Records for this exercise
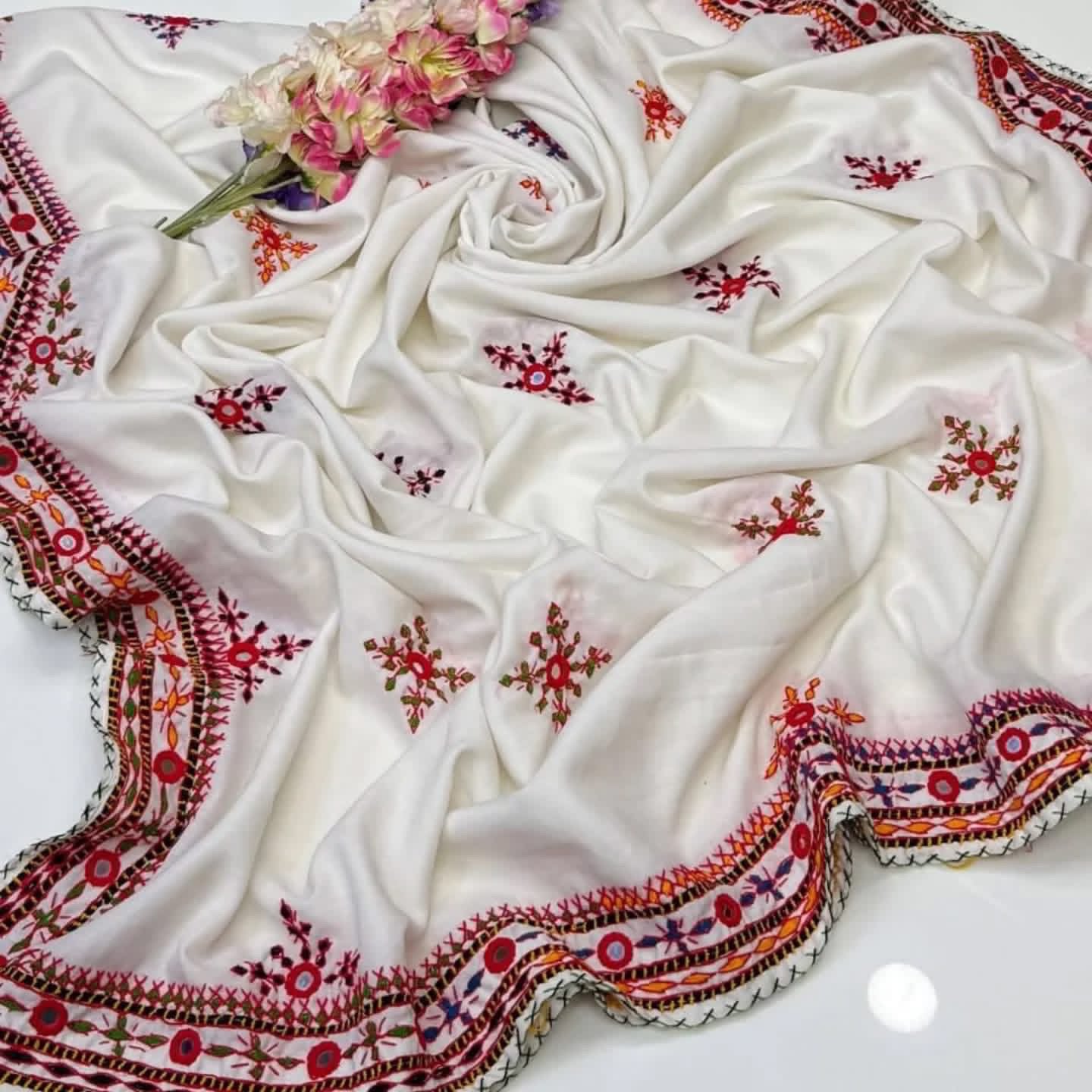 Balochi Handmade Chadar – Pure Mirror Work on Swiss Voil Fabric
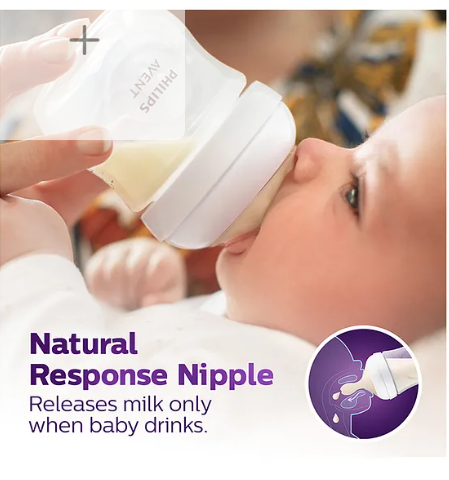 Avent Natural Response Baby Bottle Flow 4 Teat | Ideal for 3 months+ | Pack of 2 (Packaging May Vary) - Image 2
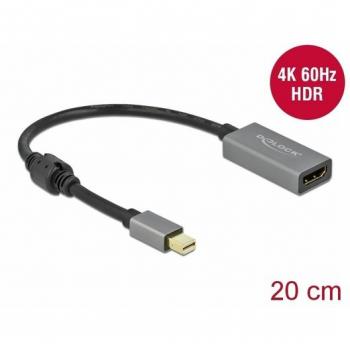 Adaptador Activo Mini DisplayPort 1.4 a HDMI 4K 60 Hz (HDR) - 20 cm - Negro y Gris
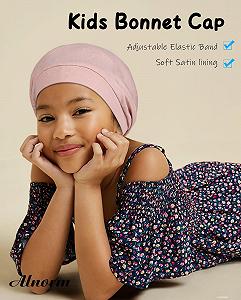 Шапка для сну Alnorm Curly Girls з сатиновою підкладкою та регульованою комфортною еластичною стрічкою для дівчат-підлітків synthetic.ua - Фото 1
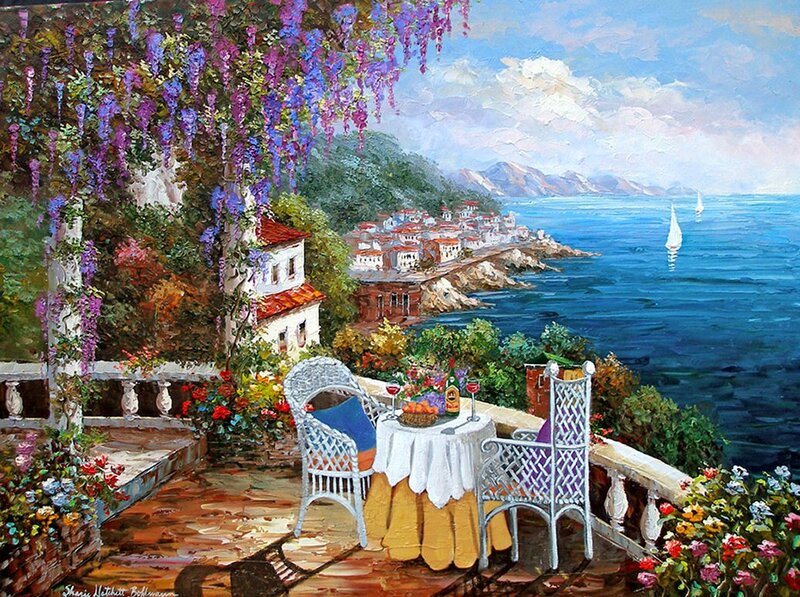Coastal Villa Terrace — Blue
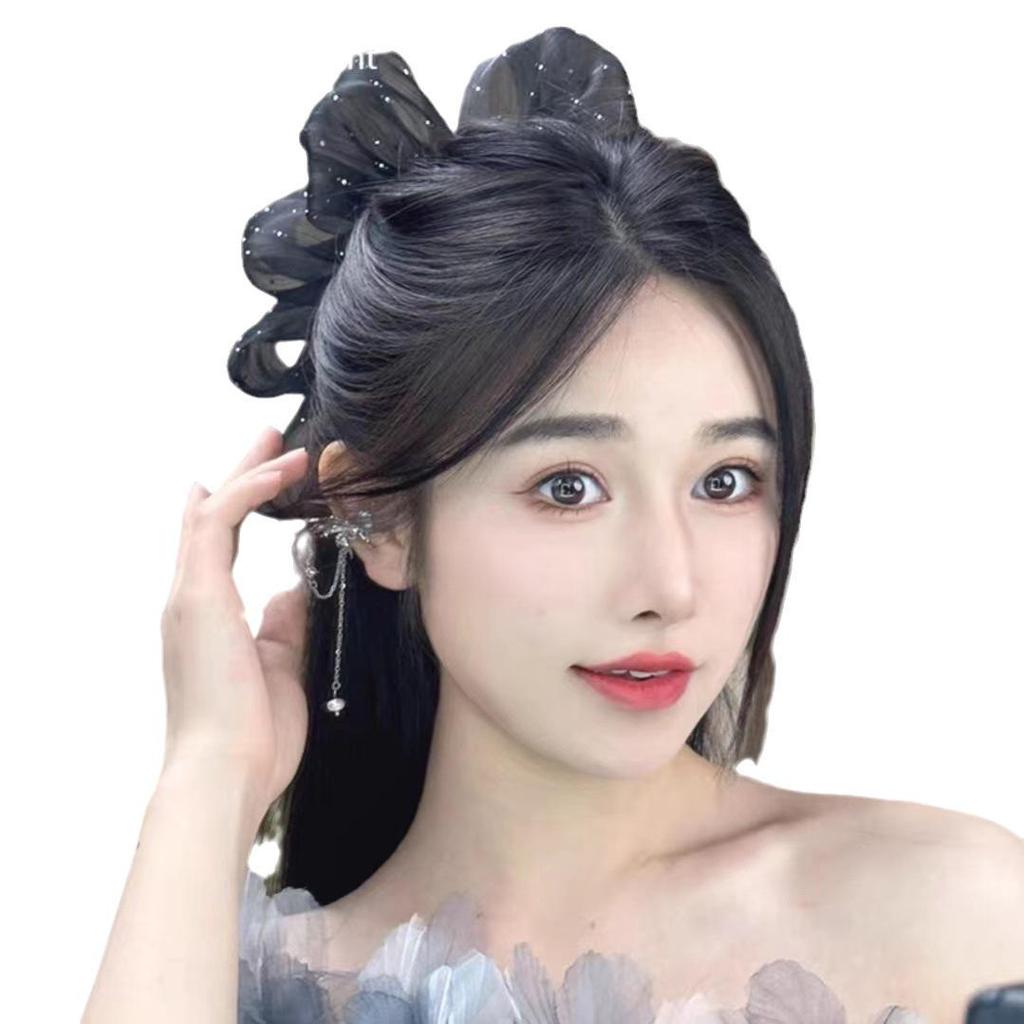 Заколка для волос с кисточками и бантом в лесном стиле — элегантный головной убор для женщин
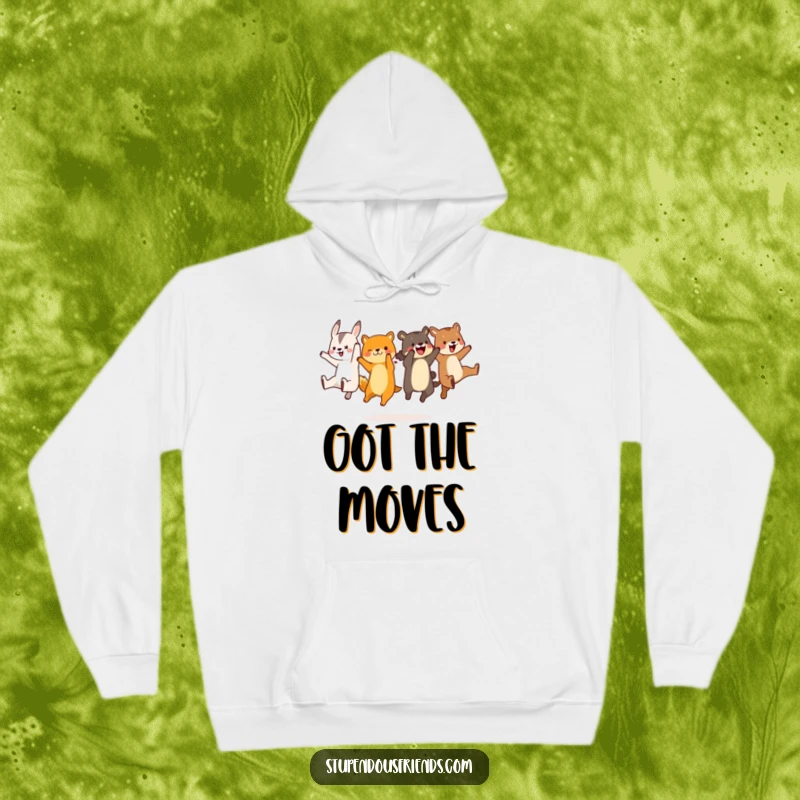 Funny animal characters leaping in unison, a hilarious synchronized jump captured on a cozy hoodie for ultimate comfort and laughs.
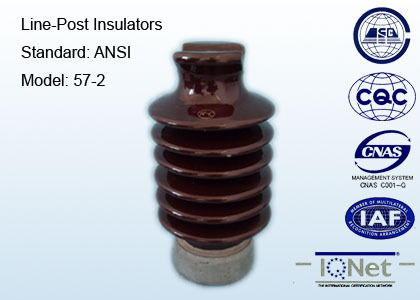 Line Post Insulator - ANSI Class 57-2 Specifications, 305mm Height, 35kV Application Voltage, 12.5kN Cantilever Strength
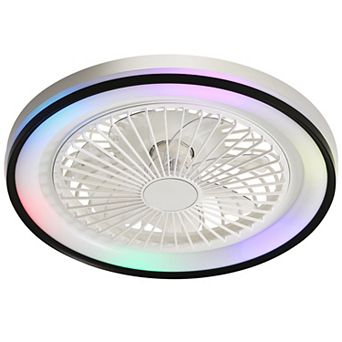 19 Inch RGB Enclosed Ceiling Fan with Light, Flush Mount Dimmable for Bedroom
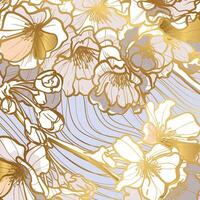 Hand drawn cherry blossoms on light blue background. Elegant and luxurious line art design for invitations or social media posts. Hand drawn graphic assets for prints or online vector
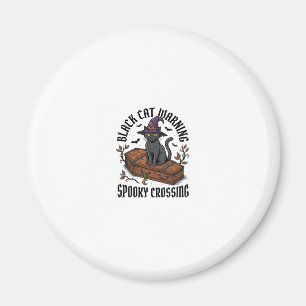 Svart Katt Varning Vintage Halloween Häxa Katt_1 Magnet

Exercise prompt
Within the material above, only the stretch from the line holding "Avent Natural Response" through the line holding "Заколка для волос" is to be restated exactly. Pictures are dropped.

Exercise solution
 Avent Natural Response Baby Bottle Flow 4 Teat | Ideal for 3 months+ | Pack of 2 (Packaging May Vary) - Image 2
 Adaptador Activo Mini DisplayPort 1.4 a HDMI 4K 60 Hz (HDR) - 20 cm - Negro y Gris
 Шапка для сну Alnorm Curly Girls з сатиновою підкладкою та регульованою комфортною еластичною стрічкою для дівчат-підлітків synthetic.ua - Фото 1
Coastal Villa Terrace — Blue
 Заколка для волос с кисточками и бантом в лесном стиле — элегантный головной убор для женщин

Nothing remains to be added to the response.